Lorsqu’Emmanuel Karenzi Karake, chef des services de renseignements du Rwanda, a été conduit sur le banc des accusés dans un tribunal londonien jeudi, il a levé ses mains serrées au-dessus de sa tête, saluant ainsi le public dans la tribune. Quelques dizaines de personnes ont lancé des encouragements, d’autres ont regardé en silence. Pour certains, Karenzi Karake est un héros, un membre clé du Front patriotique rwandais (FPR) qui a mis fin au génocide de 1994 au Rwanda. Mais pour d’autres, il est responsable de nombreux meurtres et d’autres abus commis pendant la période post-génocide.
Karenzi Karake a été déféré au tribunal suite à son arrestation à Londres le 20 juin dernier. Il conteste une demande d’extradition émise par l’Espagne sur la base d’allégations de crimes graves, y compris des crimes contre l’humanité, commis entre 1990 et 2002 au Rwanda et en République démocratique du Congo voisine.
Le génocide de 1994 au Rwanda, au cours duquel plus d’un demi-million de personnes ont été systématiquement massacrées, a constitué un événement cataclysmique. La vaste majorité des victimes étaient des Tutsis pris pour cible uniquement en raison de leur appartenance ethnique. Le FPR a renversé le gouvernement intérimaire et son armée qui avaient perpétré le génocide, et est acclamé à juste titre par de nombreux Rwandais pour avoir mis un terme au génocide. Mais l’histoire ne s’arrête pas là.
Dans les semaines et les mois qui ont suivi le génocide, les militaires du FPR ont tué des milliers de civils hutus non armés qu’ils soupçonnaient d’avoir participé au génocide. Ces meurtres perpétrés par le FPR étaient systématiques et généralisés, et les commandants, dont Karenzi Karake, devaient au moins en avoir connaissance.

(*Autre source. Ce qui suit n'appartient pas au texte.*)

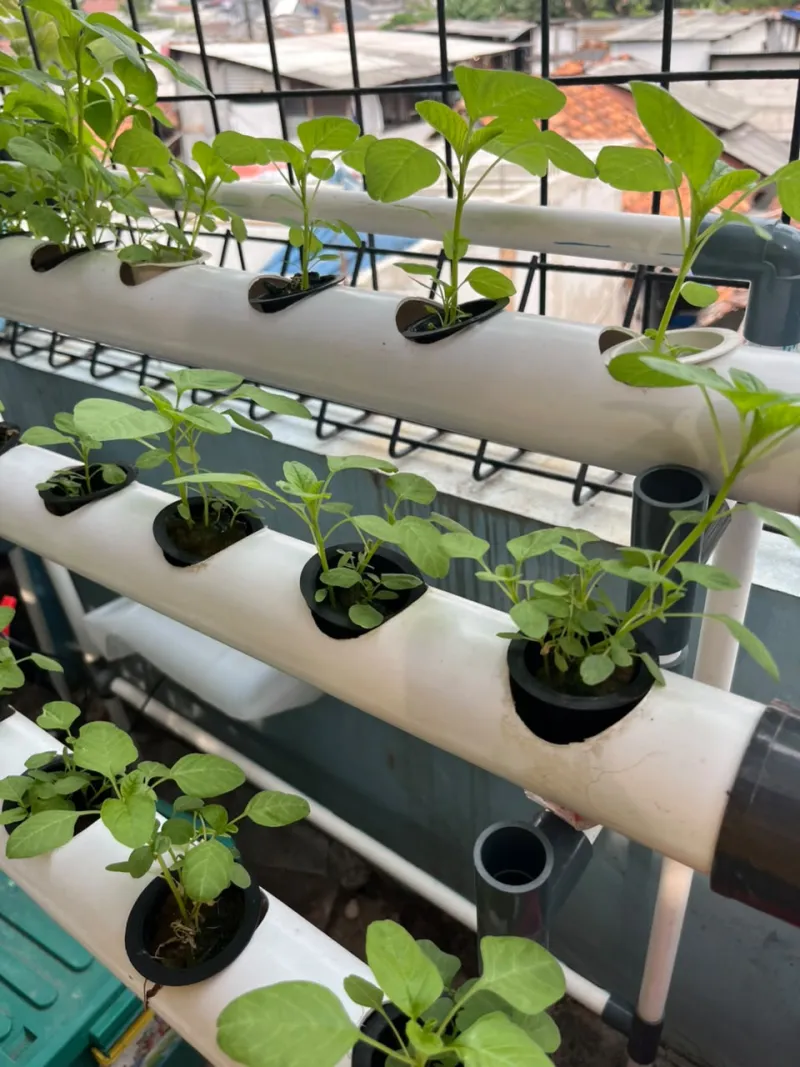 Lahan Urban Farming SMKN 43 Jakarta - Gambar 10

Au cours des années suivantes, sous le nouveau gouvernement formé par le FPR, des militaires de l’Armée patriotique rwandaise (APR) ont tué de nombreux autres civils, notamment pendant une opération de contre-insurrection menée dans le nord-ouest du Rwanda en 1997 et 1998. Lorsque l’APR a envahi la RD Congo en 1996, ses militaires sont allés encore plus loin, massacrant sans distinction non seulement des réfugiés hutus rwandais, mais aussi des civils hutus congolais qui n’avaient rien à voir avec le génocide.
L’étendue des crimes commis en RD Congo a été révélée dans un rapport détaillé de l’ONU datant de 2010, qui a constaté que l’armée rwandaise et ses alliés rebelles congolais avaient mené une « poursuite impitoyable et des massacres de grande ampleur de réfugiés hutus » en 1996 et 1997 ; la majorité des victimes étaient des femmes, des enfants, et des personnes âgées ou malades. Le rapport a conclu que les attaques constituaient des crimes contre l’humanité.
Tout au long de cette période, Karenzi Karake a occupé des postes de haute responsabilité au sein de l’armée et des services de renseignements.
La justice pour ces atrocités a été inaccessible à ce jour. Le gouvernement rwandais et le FPR, parti toujours au pouvoir au Rwanda, ont à plusieurs reprises usé de pressions diplomatiques, politiques et morales, et parfois de menaces, pour entraver toute tentative de
traduire en justice leurs hauts responsables, au Rwanda comme à l’étranger. Pour les victimes de ces crimes, l’arrestation de Karenzi Karake représente donc un moment rare et historique.
Les autorités gouvernementales rwandaises et leurs partisans, tels que l’ancien ministre britannique du Développement international Andrew Mitchell, ont qualifié l’arrestation de Karenzi Karake de scandaleuse. Mais ils n’ont rien à dire sur la question de justice pour les nombreuses victimes des crimes du FPR. La justice doit être rendue pour toutes les victimes. Notre sentiment collectif d’horreur face au génocide ne devrait être utilisé pour priver les victimes de justice, ni pour protéger les responsables d’autres crimes. Le fait d’avoir contribué à mettre fin au génocide ne peut, en aucun cas, octroyer l’impunité pour d’autres meurtres.